According to the letter, in 1974 Congress established scientific qualifications for the Director of the U.S.Fish and Wildlife Service, with statutory language requiring that, “[n]o individual may be appointed as the Director unless he is, by reason of scientific education and experience, knowledgeable in the principles of fisheries and wildlife management.”

The current USFWS Director, Martha Williams, was nominated as Director in October 2021. She had been serving as Principal Deputy Director of the Fish and Wildlife Service since January 20, 2021. The nomination was confirmed by the U.S. Senate in February 2022.
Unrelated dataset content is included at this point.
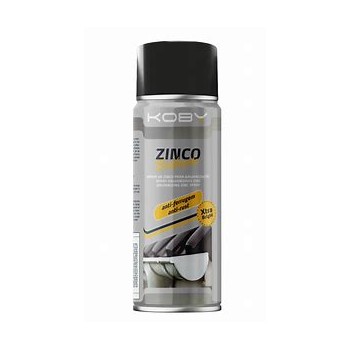 Spray Zinco Brilhante Koby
Prior to her appointment, Williams served as the Director of the Montana Department of Fish, Wildlife and Parks from 2017 to 2020. Previously, she was an Assistant Professor of Law at the Blewett School of Law at the University of Montana in Missoula, Montana where she co-directed the university’s Land Use and Natural Resources Clinic. Williams has a BA in philosophy from the University of Virginia and a law degree from the University of Montana.

“Without specific academic training in the natural sciences, the Service Director lacks a sufficient scientific understanding of the natural world and its fundamental principles to consider all the biological and ecological factors that are important to ensure the scientific integrity of critical decisions affecting the fate of imperiled species and ecosystems,” say the letter.

The previous director, Aurelia Skipwith, who was confirmed for the post in 2019, also met with some resistance from some environmental groups, because her degree with in molecular biology and not a field more directly related to wildlife.